Monolith #

Let’s take a look at the simplest possible metapattern – Monolith – and see what it can teach us.

Monolith

Keep it simple, stupid! If you don’t need a modular design, why bother?

Known as: Monolith.

Variants:

By internal structure:

True Monolith / Big Ball of Mud,
(misapplied) Layered Monolith [FSA],
(misapplied) Modular Monolith [FSA] (Modulith),
(inexact) Plugins [FSA] and Hexagonal Architecture.

By mode of action:

Structure: A monoblock with no strong internal modularity.

Type: Main, root of the hierarchy of metapatterns.

Benefits	Drawbacks
Rapid start of development	Quickly deteriorates with project growth
Easy debugging	Hard to develop with multiple teams
Best latency	Does not scale
Low resource consumption	Lacks support for conflicting forces
The system’s state is self-consistent	Any failure crashes the entire system

References: Big Ball of Mud for a philosophical discussion, my article and [POSA2] for subtypes of Monolith, Martin Fowler’s discussion on starting development with Monolith, [MP] for the definition of monolithic hell and a post describing the first-hand experience of it.

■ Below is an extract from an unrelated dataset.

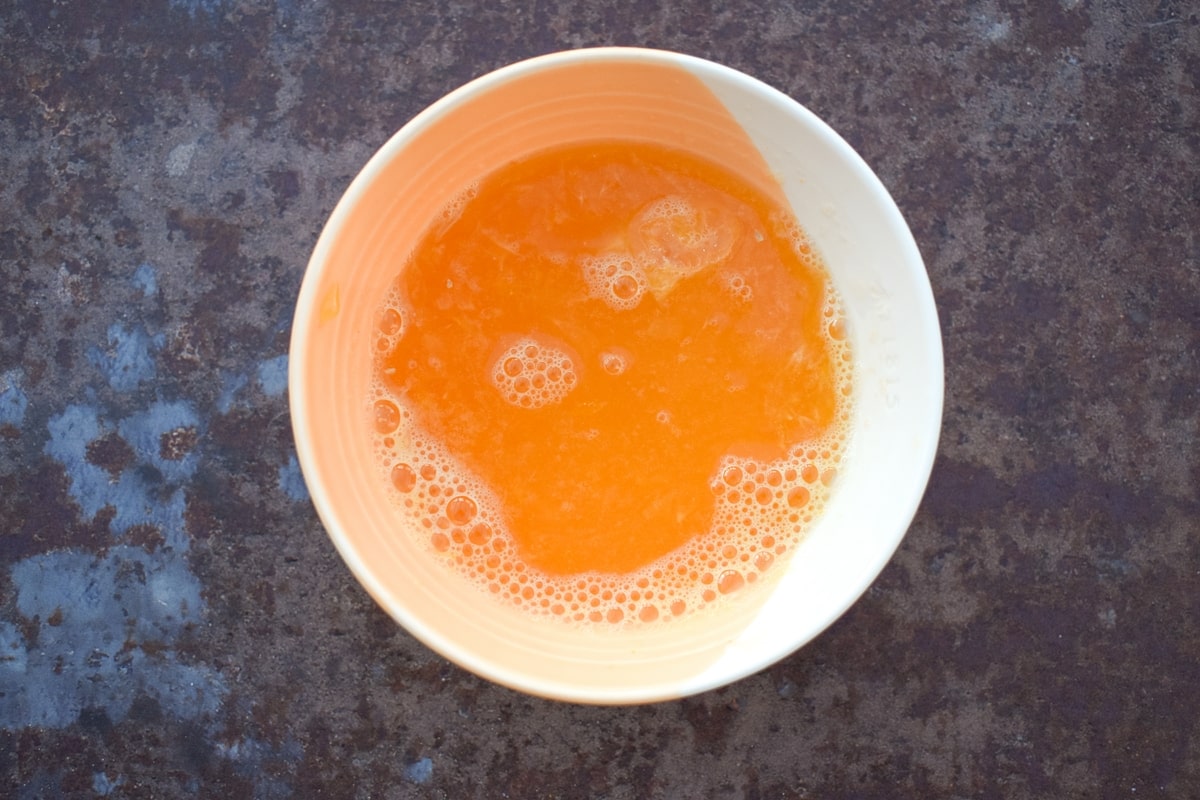 orange juice in a bowl.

We distance ourselves from the systems architecture’s definition of Monolith as a single unit of deployment because our main focus lies with the internal structure of systems. Instead, we will use the old definition of a monolithic application as a cohesive lump of code containing no discernible components [GoF, POSA1].

A Monolith is non-modular (not divided by interfaces) along all the structural dimensions. Its thorough cohesiveness is both its blessing (single-step debugging, system-wide optimizations) and its curse (messy code, no scalability of development and deployment, zero flexibility).

Performance #

On one hand, monolithic applications provide perfect opportunities for performance optimizations as every piece of code is readily accessible from any other. On the other hand, if the application is stateful, access to the state may limit the performance benefit of using multiple CPU cores. Furthermore, large Monoliths may become too messy for programmers to identify and too complicated and fragile to implement any non-local optimizations that could drastically improve performance.

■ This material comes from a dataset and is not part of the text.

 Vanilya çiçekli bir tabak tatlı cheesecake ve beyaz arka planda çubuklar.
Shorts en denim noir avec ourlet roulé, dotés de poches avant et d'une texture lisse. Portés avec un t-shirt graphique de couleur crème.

There are many kinds of bottlenecks which limit an application’s performance. As soon as you change your code to use multiple CPU cores you may find that the program’s throughput is constrained by the speed of your hard drive or network interface. And when you upgrade those two, you may well hit something more subtle, like OS interrupts or CPU cache coherence.

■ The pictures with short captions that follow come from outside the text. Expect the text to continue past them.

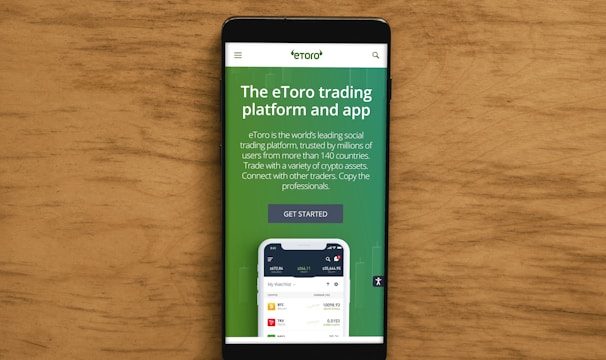 A smartphone displaying an advertisement for an online trading platform called eToro. The screen shows a green background with text promoting the platform as a leading social trading platform. A button labeled 'Get Started' is visible, along with a partial view of a mobile app screen below.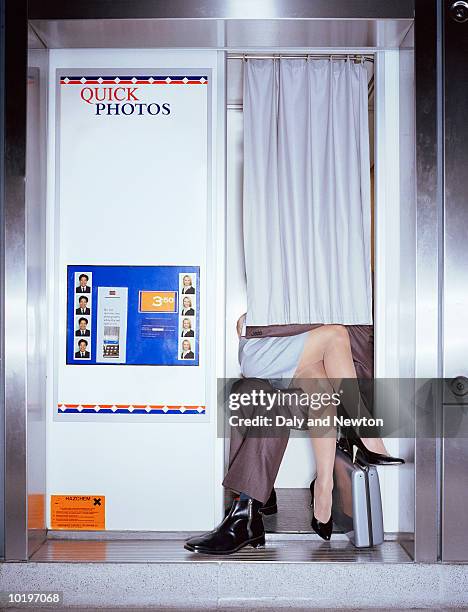 couple having picture taken in  booth, woman on man's lap - secluded couple stockfoto's en -beelden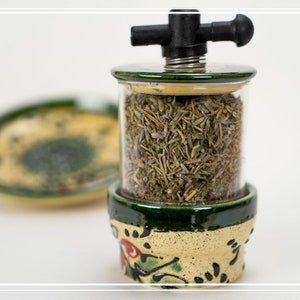 May include: A ceramic herb grinder with a green and yellow floral design. The grinder has a clear glass jar filled with dried herbs and a black plastic handle on top.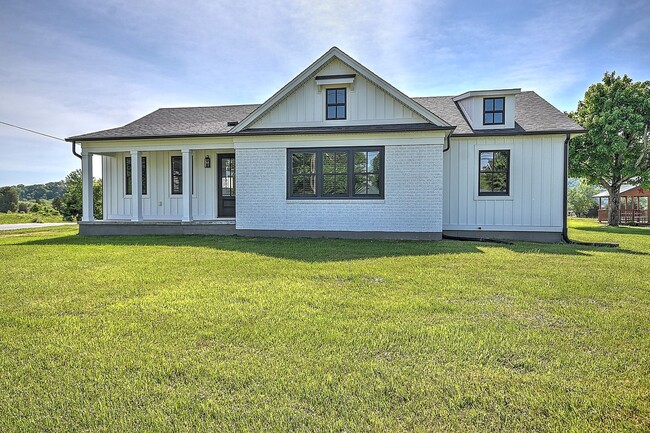 Building Photo - Updated and restored Original Farm House Style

Overall, tiny Monoliths provide the best latency and throughput per CPU core. Larger performance-critical projects may need to partition the code into Layers or Services so that any manually optimized part remains small enough to be manageable. Higher throughput is attainable through distributing the software over multiple computers: Shards employ several copies of the whole system while a Pipeline may run each step of data processing on a separate server.

Dependencies #

Even though a Monolith is a single module, meaning that there are no dependencies among its parts (in fact, everything depends on everything), it still may depend on some external components or services which it uses. Those dependencies tend to cause vendor lock-in or make the software OS- or hardware-dependent. Hexagonal Architecture (including MVP and MVC) decouples a monolithic implementation from its dependencies by isolating the latter behind Adapters.

Applicability #

Monolith is good for cases which are harmed by the introduction of modularity:

Tiny projects. The project is relatively small (below 10 000 lines) and the requirements will never change (e.g. you need to implement an application for running a specific mathematical calculation or a library supporting a well-established communication protocol).
Ultra optimization. You already have a working and thoroughly optimized system, but you still need that extra 5% performance improvement achievable through merging all the components together.
Low latency. If you need ultra low latency for the entire application, any asynchronous communication between its modules is not a viable option. Example: high-frequency trading.
Prototyping. You are writing a prototype in a domain you are not familiar with, gathering requirements in the process. Chances for a correct initial identification of weakly coupled subdomains (to become modules or services) are quite low and it is worse to have wrong module boundaries than to use no modules at all. At the later stages of the project, when you will know the domain much better and your users will have approved the initial implementation, you will be able to split the system into components in a much better way, if and when that will be needed. Nevertheless, you may already know enough to apply Layers or Hexagonal Architecture which keep the business logic monolithic while isolating it from the periphery and third-party libraries.
Quick and dirty. You are out of time and money and need to show your customers something right now. There is no time to think, no money to perfect the code, and no day after tomorrow.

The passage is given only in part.